Tag: writing

  • You Can Teach Trading—But Only So Far

    You Can Teach Trading—But Only So Far

    You can teach someone how to trade.
    But only up to a point.

    You can teach setups.
    You can teach risk management.
    You can teach how to mark up a chart, read macroeconomic indicators, and identify momentum shifts on a 5-second timeframe.

    You can teach patience.
    You can preach discipline.
    You can scream “Stick to your damn stop loss!” until you’re blue in the face.

    But none of it matters until you decide to stop lighting your own capital on fire.

    The Hard Truth

    Trading isn’t plumbing. It’s not accounting.
    You don’t pass a test, hang a certificate on your wall, and suddenly become consistent.

    There’s a point in every trader’s journey where no mentor, no YouTube video, no golden Discord server can save you. And that point usually comes right after you already know what you’re supposed to do… but still don’t do it.

    That’s the line between being taught and actually learning.

    You can learn what you need to know from a course and some are a LOT better than others. I recommend this one.
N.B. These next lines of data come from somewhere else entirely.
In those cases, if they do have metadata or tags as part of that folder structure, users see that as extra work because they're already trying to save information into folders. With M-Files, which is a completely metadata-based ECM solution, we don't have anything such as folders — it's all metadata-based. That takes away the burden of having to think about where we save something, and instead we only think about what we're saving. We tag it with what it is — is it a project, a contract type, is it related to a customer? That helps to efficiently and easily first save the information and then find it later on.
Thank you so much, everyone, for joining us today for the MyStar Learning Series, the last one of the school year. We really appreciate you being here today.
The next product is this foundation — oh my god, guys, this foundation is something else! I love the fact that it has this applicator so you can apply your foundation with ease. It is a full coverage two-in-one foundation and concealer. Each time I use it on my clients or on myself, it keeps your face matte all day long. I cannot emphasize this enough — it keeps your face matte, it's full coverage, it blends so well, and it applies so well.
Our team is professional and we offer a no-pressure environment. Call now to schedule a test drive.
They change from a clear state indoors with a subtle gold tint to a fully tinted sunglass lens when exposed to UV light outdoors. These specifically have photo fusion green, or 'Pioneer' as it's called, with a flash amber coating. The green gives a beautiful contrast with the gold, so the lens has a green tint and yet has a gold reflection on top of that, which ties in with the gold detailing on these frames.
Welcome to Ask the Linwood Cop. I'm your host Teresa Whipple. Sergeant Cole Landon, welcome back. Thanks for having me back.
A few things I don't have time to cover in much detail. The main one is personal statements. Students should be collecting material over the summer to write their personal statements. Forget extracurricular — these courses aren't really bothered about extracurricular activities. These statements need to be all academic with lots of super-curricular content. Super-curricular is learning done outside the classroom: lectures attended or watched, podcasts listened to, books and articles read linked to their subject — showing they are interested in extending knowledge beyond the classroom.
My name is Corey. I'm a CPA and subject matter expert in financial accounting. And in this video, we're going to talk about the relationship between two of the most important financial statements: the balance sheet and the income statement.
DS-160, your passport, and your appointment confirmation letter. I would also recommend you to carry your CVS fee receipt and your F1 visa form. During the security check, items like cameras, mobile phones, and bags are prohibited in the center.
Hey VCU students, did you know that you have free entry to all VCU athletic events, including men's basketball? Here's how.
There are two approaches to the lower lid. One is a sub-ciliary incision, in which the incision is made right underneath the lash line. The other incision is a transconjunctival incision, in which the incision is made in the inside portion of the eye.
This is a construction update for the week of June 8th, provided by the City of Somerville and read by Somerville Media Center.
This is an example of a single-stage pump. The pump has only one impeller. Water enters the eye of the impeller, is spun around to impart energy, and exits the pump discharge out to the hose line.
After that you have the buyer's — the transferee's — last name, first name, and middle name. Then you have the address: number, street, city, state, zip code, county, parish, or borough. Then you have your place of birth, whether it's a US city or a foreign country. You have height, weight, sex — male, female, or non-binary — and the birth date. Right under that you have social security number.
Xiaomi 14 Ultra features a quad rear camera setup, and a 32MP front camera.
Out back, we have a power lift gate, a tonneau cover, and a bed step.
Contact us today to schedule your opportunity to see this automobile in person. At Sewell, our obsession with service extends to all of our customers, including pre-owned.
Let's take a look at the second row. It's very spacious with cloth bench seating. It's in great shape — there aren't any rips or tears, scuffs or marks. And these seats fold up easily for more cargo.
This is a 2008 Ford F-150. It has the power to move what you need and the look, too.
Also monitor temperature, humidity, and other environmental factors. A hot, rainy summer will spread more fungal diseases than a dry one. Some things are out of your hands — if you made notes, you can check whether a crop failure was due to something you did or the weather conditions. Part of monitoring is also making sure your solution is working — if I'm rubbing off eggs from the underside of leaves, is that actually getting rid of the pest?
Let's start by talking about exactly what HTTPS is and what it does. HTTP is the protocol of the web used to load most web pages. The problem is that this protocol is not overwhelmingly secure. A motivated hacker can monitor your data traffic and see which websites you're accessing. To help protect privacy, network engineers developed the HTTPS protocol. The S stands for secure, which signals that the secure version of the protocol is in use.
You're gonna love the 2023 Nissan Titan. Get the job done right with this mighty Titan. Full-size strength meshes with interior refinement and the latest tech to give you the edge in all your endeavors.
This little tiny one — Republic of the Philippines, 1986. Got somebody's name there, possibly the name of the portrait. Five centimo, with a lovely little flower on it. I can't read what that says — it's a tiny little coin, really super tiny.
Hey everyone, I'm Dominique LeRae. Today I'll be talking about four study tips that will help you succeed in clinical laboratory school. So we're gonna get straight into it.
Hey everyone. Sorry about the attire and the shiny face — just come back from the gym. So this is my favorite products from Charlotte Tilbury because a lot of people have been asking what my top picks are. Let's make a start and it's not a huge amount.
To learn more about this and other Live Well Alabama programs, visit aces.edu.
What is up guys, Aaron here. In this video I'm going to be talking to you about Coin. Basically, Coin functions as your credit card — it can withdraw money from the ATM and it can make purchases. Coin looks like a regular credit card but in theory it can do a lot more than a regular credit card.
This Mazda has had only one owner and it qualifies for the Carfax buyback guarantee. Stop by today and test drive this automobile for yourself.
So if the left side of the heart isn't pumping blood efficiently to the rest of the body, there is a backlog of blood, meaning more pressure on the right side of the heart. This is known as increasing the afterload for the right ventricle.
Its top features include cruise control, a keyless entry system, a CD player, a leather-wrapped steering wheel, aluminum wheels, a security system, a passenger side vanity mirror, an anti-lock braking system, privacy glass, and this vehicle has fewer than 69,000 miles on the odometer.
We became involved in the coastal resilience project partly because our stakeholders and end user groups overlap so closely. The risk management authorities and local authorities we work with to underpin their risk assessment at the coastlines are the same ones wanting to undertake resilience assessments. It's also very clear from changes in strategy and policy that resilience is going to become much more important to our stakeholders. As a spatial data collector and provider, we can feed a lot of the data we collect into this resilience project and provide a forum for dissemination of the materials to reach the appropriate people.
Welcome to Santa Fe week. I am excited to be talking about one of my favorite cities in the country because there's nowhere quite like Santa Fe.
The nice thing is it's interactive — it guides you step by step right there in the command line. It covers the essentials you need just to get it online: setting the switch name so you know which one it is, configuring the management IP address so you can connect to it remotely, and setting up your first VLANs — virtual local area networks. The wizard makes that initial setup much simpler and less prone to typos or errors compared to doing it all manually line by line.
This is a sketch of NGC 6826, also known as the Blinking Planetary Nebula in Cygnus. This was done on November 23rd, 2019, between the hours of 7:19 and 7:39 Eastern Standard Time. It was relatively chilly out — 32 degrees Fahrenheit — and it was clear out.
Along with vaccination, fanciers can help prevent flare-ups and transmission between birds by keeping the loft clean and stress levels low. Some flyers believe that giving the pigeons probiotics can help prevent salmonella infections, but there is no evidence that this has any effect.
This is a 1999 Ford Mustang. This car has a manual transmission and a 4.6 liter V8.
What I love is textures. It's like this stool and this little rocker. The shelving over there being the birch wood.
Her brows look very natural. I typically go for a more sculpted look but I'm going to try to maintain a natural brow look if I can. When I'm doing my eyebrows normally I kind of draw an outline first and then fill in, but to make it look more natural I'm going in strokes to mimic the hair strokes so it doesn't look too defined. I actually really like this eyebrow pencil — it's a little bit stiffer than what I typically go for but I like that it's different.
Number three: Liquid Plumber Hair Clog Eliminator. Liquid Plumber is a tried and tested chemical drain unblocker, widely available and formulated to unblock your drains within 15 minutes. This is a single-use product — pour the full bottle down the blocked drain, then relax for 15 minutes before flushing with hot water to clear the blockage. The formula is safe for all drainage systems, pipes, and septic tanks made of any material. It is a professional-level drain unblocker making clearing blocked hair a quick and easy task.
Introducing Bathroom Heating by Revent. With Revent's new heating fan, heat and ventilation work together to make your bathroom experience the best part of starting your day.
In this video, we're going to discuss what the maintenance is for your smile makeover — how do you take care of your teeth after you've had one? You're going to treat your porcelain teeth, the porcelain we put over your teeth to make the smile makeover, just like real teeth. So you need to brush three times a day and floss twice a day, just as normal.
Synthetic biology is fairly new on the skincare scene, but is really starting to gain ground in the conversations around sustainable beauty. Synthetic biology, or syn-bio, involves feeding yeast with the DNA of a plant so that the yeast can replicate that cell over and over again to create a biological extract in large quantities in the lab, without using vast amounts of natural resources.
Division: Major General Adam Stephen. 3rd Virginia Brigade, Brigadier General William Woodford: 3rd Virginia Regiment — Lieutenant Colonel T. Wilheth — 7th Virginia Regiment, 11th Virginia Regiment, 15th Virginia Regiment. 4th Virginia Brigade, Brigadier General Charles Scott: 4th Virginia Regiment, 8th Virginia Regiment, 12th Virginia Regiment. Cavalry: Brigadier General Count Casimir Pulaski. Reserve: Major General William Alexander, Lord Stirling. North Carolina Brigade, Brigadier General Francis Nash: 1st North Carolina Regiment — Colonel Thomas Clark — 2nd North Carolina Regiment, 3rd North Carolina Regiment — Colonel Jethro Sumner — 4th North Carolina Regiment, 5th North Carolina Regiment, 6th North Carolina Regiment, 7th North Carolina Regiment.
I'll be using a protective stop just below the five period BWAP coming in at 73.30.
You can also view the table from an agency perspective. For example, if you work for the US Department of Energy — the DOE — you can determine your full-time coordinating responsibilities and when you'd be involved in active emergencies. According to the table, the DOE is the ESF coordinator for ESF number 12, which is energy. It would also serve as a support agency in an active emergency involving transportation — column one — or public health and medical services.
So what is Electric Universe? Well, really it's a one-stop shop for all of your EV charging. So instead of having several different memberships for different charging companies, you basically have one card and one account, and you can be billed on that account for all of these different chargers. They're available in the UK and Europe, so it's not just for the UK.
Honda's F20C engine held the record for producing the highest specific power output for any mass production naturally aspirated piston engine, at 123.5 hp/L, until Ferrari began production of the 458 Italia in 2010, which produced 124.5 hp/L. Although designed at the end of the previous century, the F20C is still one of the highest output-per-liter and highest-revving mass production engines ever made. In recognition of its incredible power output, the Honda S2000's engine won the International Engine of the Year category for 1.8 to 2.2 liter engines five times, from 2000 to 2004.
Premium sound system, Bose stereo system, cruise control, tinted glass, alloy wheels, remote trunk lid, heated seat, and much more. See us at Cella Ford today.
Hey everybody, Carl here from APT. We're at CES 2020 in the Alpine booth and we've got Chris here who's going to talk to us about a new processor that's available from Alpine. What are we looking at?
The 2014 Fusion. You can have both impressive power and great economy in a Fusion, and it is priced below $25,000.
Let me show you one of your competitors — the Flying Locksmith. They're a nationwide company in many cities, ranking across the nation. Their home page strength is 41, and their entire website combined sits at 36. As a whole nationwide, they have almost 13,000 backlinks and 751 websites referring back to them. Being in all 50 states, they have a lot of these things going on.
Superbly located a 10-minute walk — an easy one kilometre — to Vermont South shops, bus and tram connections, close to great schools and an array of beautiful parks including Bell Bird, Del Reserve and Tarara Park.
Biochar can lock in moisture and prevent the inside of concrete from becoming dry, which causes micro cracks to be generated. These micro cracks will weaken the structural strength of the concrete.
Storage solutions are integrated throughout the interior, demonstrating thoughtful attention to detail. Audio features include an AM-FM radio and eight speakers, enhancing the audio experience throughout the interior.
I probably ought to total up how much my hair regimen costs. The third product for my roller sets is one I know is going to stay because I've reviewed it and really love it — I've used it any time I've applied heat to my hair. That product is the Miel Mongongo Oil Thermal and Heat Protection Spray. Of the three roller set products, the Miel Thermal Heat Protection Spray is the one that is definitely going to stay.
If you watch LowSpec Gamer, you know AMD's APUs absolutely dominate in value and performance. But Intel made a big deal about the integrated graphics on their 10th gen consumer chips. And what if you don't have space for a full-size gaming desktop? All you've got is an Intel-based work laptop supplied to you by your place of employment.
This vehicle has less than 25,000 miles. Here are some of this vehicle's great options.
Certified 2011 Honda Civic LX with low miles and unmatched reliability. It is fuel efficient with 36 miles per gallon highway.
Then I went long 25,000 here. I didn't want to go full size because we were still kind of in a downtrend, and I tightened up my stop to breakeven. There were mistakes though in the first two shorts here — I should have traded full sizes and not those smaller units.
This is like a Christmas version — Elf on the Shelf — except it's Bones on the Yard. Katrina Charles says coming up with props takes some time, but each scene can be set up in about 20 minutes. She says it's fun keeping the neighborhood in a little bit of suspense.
But you don’t truly learn until the moment you finally honor your own rules.

    You learn it when you don’t add to a loser.
    When you don’t chase the second breakout after missing the first.
    When you close a trade because your setup broke down—not because you “hope it bounces.”

    That’s not something anyone can program into you.
    That’s earned. That’s internalized. That’s learned the hard way.

    The Market Doesn’t Care

    It doesn’t care how many hours you studied.
    It doesn’t care how bad you want it.
    The market is the final exam—and it doesn’t hand out A’s for effort. It tests your actions. Not your knowledge.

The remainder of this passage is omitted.